Un election day in primavera che accorpi le elezioni politiche con quelle europee. E’ l’idea lanciata da Silvio Berlusconi sulla sua pagina di Facebook: “Cinque mesi ci dividono dal 25 di maggio, già lì potremo sperimentare il sistema delle sentinelle del voto formate dai Club. Meglio ancora se insieme alle Europee di maggio riuscissimo ad avere anche le Politiche”. Le norme prevedono la possibilità di accorpare il voto per Bruxelles con quello per il rinnovo del Parlamento italiano, anche se le conseguenze politiche potrebbero essere negative sotto diversi punti di vista. Per Valerio Onida, presidente emerito della Corte costituzionale e uno dei saggi di Napolitano per le riforme istituzionali, “il vero problema è che i partiti politici europei come Ppe e Pse sono delle scatole vuote, e questo fa sempre passare le istanze nazionali in primo piano rispetto a quelle comunitarie”.



Professor Onida, è possibile fare l’election day il giorno delle Europee in abbinamento con le Politiche?

Certamente è possibile, anzi le norme vedono con favore questi accorpamenti. L’art. 7 della legge n. 18 del 1979 sull’elezione dei deputati italiani al Parlamento europeo afferma che, qualora ciò sia possibile, la data del voto deve coincidere con quella fissata per le elezioni nazionali. Più di recente l’art. 7 del decreto legge n. 98 del 2011, dedicato al cosiddetto “election day”, stabilisce che quando nel medesimo anno si svolgono le elezioni del Parlamento europeo, le consultazioni elettorali nazionali si effettuano nella stessa data. Ma questo non vuol certo dire che le elezioni europee possano condizionare il momento dell’eventuale scioglimento anticipato delle Camere. Comunque dal punto di vista giuridico non c’è nessun ostacolo all’accorpamento.



Quale sarebbe il suo significato dal punto di vista politico?

Dal punto di vista politico un abbinamento è inopportuno, perché nelle Europee l’attenzione degli elettori e dell’opinione pubblica dovrebbe essere concentrata sulle politiche delle istituzioni comunitarie.

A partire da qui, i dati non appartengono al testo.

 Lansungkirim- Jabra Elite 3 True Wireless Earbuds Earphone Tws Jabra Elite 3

Qualora invece ci fosse una coincidenza con le elezioni politiche le tematiche europee sarebbero di fatto oscurate, venendo in evidenza soltanto il dibattito politico interno. Si perde così quella che dovrebbe essere la caratteristica delle elezioni europee, e cioè l’essere un momento di partecipazione vera dei cittadini alle scelte a livello comunitario. Non penso a una possibile strumentalizzazione del voto da parte delle forze contrarie all’euro. La vera questione è che al centro delle elezioni dovrebbe esserci il dibattito tra le forze politiche sulle modalità attraverso cui proseguire sulla strada dell’integrazione europea. Il Parlamento di Bruxelles dovrebbe avere un ruolo molto significativo da questo punto di vista.



Eppure il cuore pulsante della politica sono ancora i Parlamenti nazionali. Perché?

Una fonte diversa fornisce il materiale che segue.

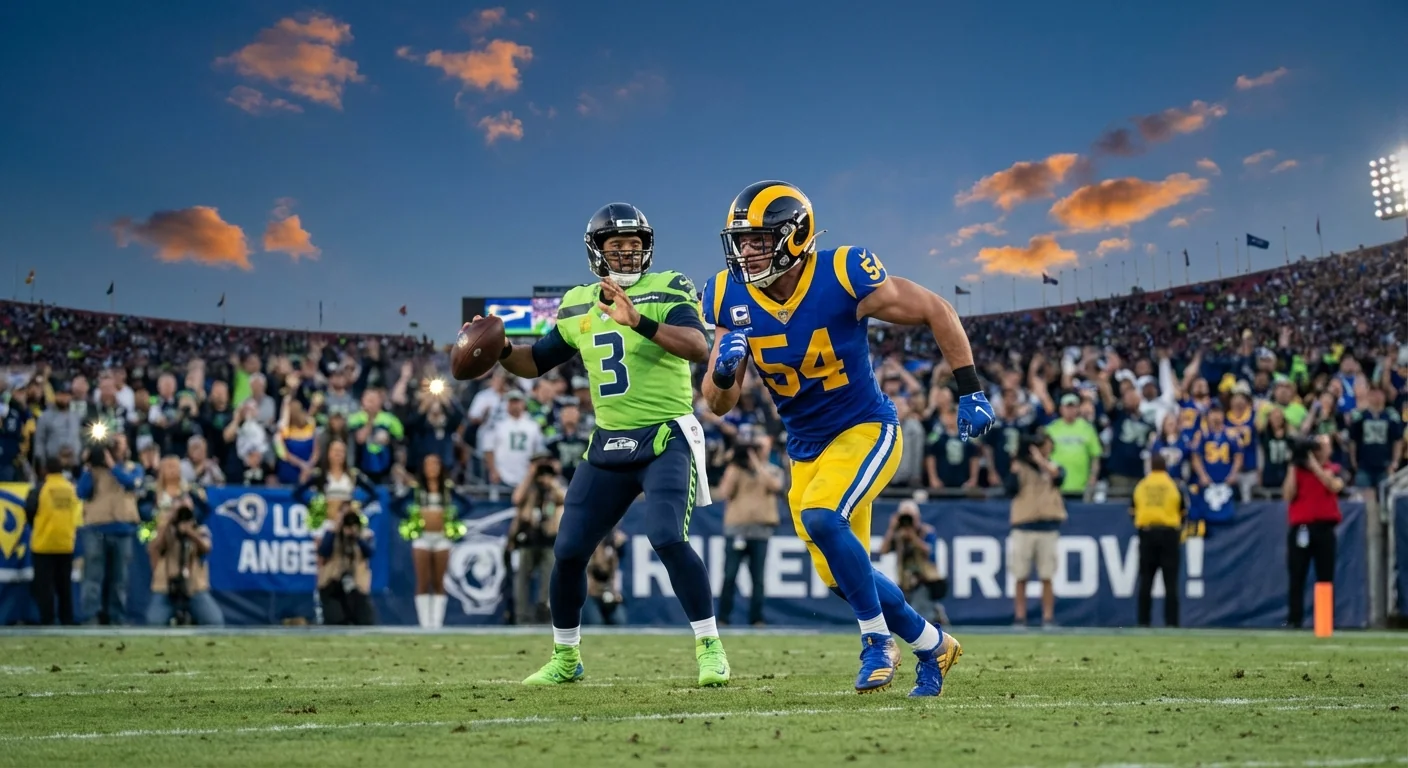 Rams vs. Seahawks: Kupp Fumble Shifts Momentum - Image 1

Perché nella realtà non esistono ancora dei veri partiti europei. Il Partito Popolare Europeo (Ppe) e il Partito Socialista Europeo (Pse) sono dei raggruppamenti organizzativi di diversi partiti nazionali, ma non hanno quei caratteri che dovrebbero essere propri di un partito, e cioè l’essere luoghi di elaborazione e di discussione di un indirizzo politico europeo. Non si capisce per esempio come facciano a convivere nel Ppe la Cdu di Angela Merkel e Forza Italia di Berlusconi. Il Pd italiano non fa parte del Partito Socialista Europeo, anche se nel Parlamento europeo i deputato eletti col Pd sono membri del gruppo Alleanza Progressista di Socialisti e Democratici insieme ai deputati di partiti aderenti al Pse.

 

La creazione di veri partiti europei è un’utopia o una strada realmente percorribile?

Non la ritengo affatto un’utopia, quanto piuttosto un percorso necessario. In un’Europa sempre più integrata dal punto di vista istituzionale e con una politica dell’Unione che gioca un ruolo sempre più rilevante, il fatto che non esistano veri partiti politici europei è un controsenso. La stessa opinione pubblica dei diversi Paesi dovrebbe integrarsi di più in relazione a questi indirizzi, mentre oggi tendenzialmente la politica è considerata un fatto nazionale. Si accentuano quindi gli aspetti “nazionalistici”, cioè gli indirizzi e gli aspetti che riguardano i singoli Paesi e i loro interessi, e non quelli che riguardano l’intera Europa.